The Auburn Flour Mill has been quite a
factor in Auburn and the surrounding country. The farmers
found a ready market for wheat and the housewives found mighty
good flour for their biscuits. My mother made many thousands
of biscuits from the flour milled in Auburn, to-say nothing of
the million or more tea-cakes or cookies, as we called them,
also cakes and pies, and they were A Number One.
I
remember Mr. Jack Gordon, tall and strong, as the miller. He
and his wife, who was a Miss Darby, (sister of Miss Mary
Darby, the milliner), had three children, Charlie, Jessie and
Flora. Charlie and I were classmates and desk-mates at Auburn
College and I recall that we were great rivals in algebra. As
soon as the bell rang for “books,” the boys would see which
could reach Prof. Burnett first and ask to go and bring water
from the well or spring, not far away. I can see Jessie now
rushing up to Prof. Burnett and saying, “Can I and Charlie go
after water?” So, they took the two buckets, one for water for
the boys and the other for water for the girls and in a few
minutes would return with two bucks of water. Then there was
another rush for the privilege of passing the water to the
students, one going to the boys and another to the girls.
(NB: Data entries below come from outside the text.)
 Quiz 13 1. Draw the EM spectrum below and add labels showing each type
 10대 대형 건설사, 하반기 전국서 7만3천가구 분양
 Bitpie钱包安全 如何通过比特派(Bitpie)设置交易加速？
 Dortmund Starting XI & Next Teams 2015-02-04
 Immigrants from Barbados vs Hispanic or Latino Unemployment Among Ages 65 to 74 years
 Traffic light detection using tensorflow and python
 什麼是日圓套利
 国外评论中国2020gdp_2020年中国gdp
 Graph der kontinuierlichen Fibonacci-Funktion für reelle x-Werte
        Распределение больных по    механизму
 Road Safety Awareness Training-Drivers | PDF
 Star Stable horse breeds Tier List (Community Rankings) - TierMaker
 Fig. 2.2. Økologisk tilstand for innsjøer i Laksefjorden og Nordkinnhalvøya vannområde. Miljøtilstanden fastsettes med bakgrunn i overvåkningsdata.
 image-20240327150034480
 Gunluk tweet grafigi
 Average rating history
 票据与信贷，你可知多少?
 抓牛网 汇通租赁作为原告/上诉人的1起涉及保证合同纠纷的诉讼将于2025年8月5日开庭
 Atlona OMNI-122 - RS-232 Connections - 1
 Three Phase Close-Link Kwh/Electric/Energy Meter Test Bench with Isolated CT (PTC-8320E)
Every boy drank from the same bucket and same dipper and every
girl drank from the same bucket and same dipper. WE had never
heard of germs or microbes and some of us are still living in
spite of such unsanitary proceedings in the long ago.
Jessie
never married. Flora married and lived in Denver until a few
years ago, when her husband, a doctor died. Charlie has
married twice, has two daughters by his first wife, both of
whom are married. He has no children by his second wife. They
all four live in Columbia, S.C., where until recently Charlie
had charge of the Imperial Hotel there and Jessie was and
still is an engineer. Flora makes her home there.
When
the children were in their teens, Mr. and Mrs. Gordon moved to
Bowling Green. This family was not as large as some, but as
fine as any – being one of the most substantial in Auburn. Mr.
Griffith afterwards became the miller.